[Opening Records supplied section]

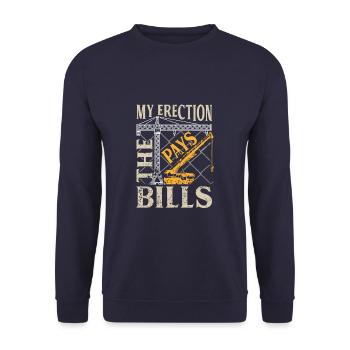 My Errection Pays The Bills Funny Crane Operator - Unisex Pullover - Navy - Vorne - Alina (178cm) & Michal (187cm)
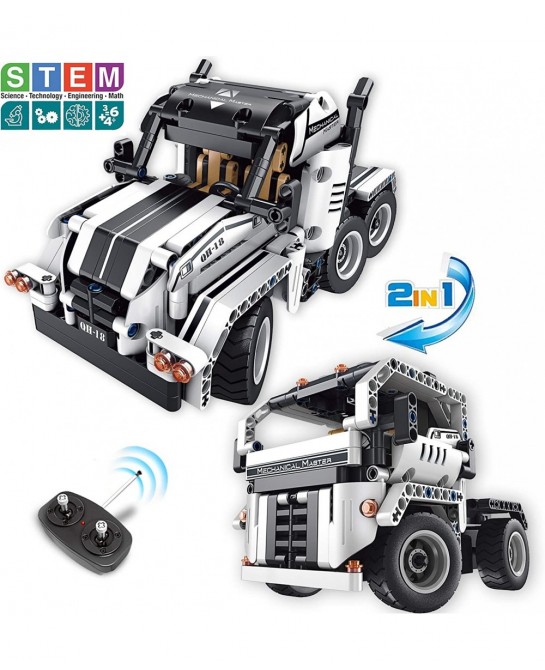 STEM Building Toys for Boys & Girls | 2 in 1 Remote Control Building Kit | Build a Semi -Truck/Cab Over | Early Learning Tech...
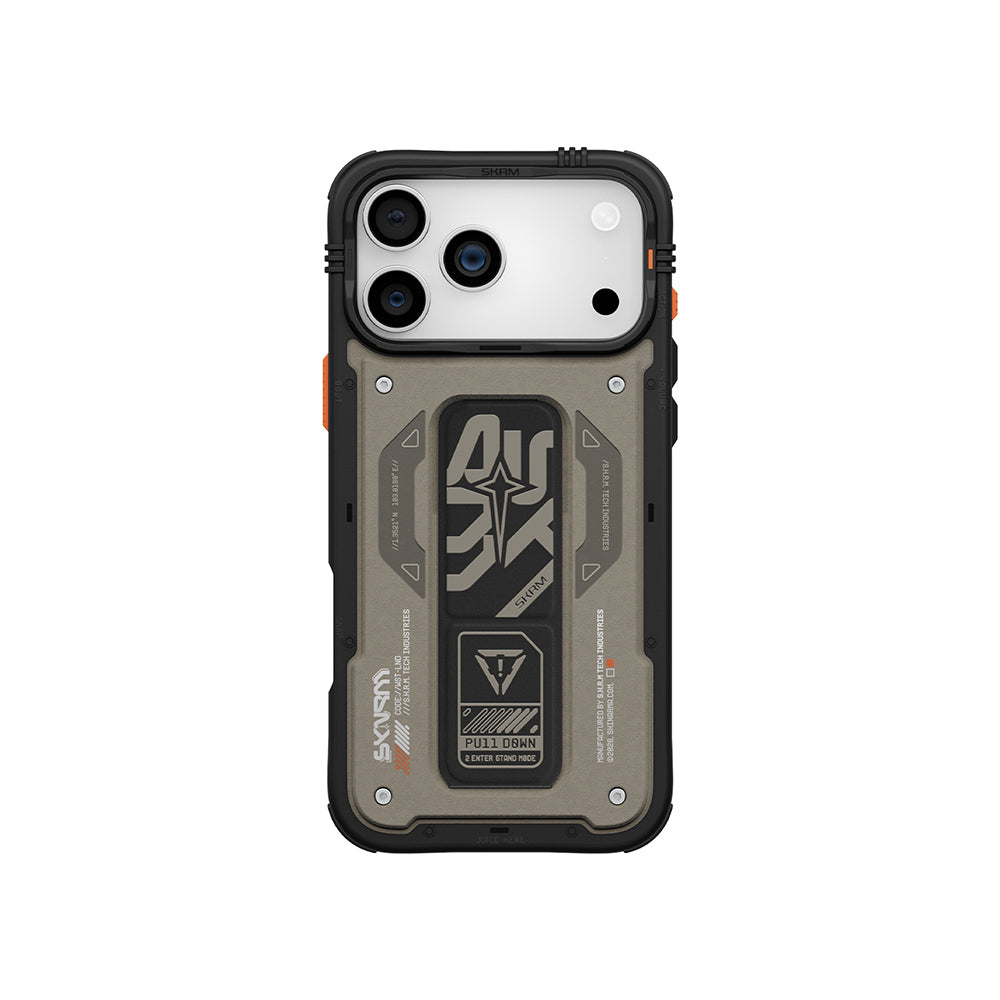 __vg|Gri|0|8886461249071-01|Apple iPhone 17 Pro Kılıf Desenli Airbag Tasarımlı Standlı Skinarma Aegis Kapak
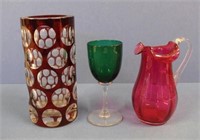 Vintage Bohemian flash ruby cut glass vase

[Closing Records supplied section]
[Opening Records supplied section]

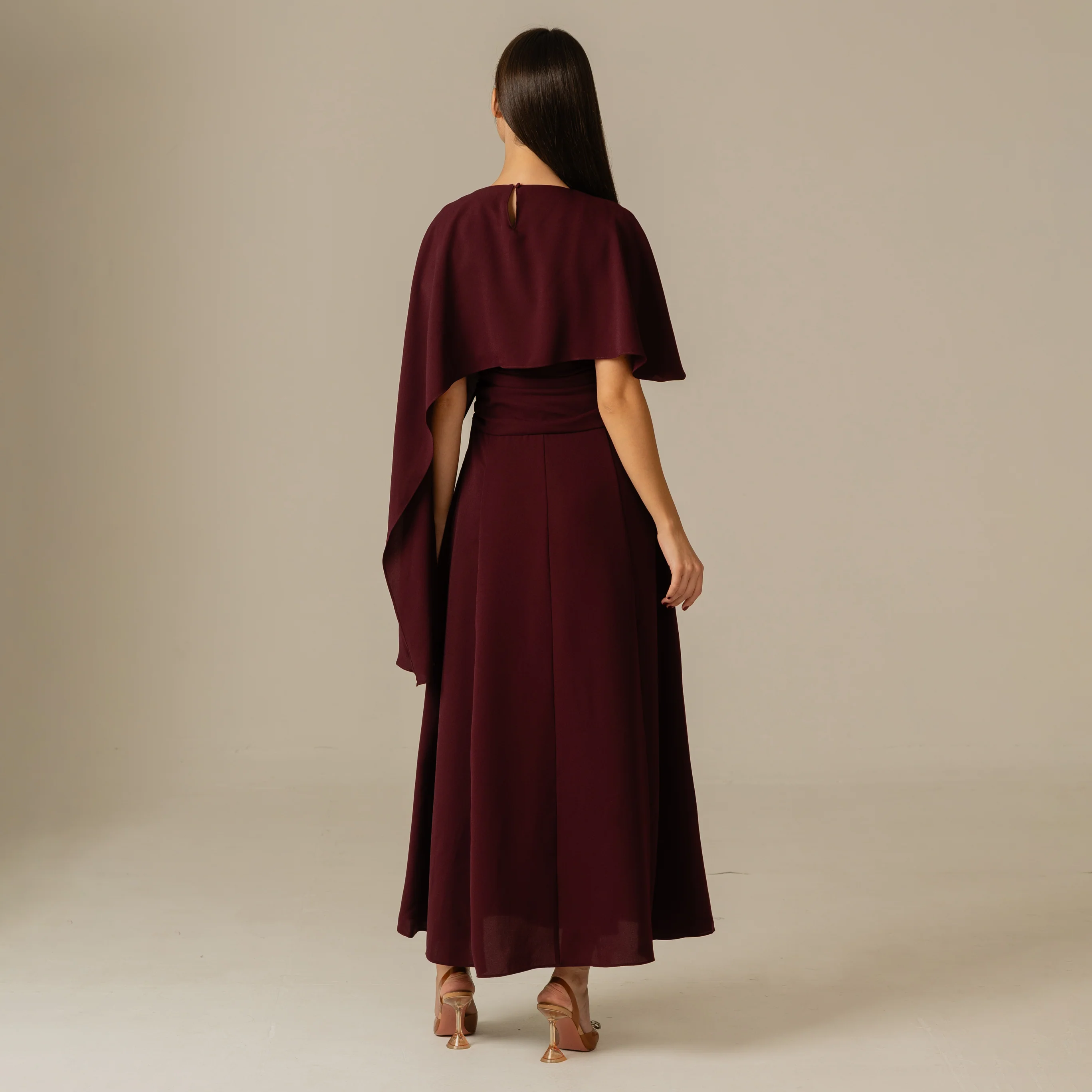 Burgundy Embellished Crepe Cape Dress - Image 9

[Closing Records supplied section]

## What the exercise asks
Find where the line with "My Errection Pays" sits in the material above and where the line with "Vintage Bohemian flash ruby cut glass vase" sits. Set down exactly the lines from the first to the second, both included and nothing else, without pictures.

## Result
 My Errection Pays The Bills Funny Crane Operator - Unisex Pullover - Navy - Vorne - Alina (178cm) & Michal (187cm)
 STEM Building Toys for Boys & Girls | 2 in 1 Remote Control Building Kit | Build a Semi -Truck/Cab Over | Early Learning Tech...
 __vg|Gri|0|8886461249071-01|Apple iPhone 17 Pro Kılıf Desenli Airbag Tasarımlı Standlı Skinarma Aegis Kapak
 Vintage Bohemian flash ruby cut glass vase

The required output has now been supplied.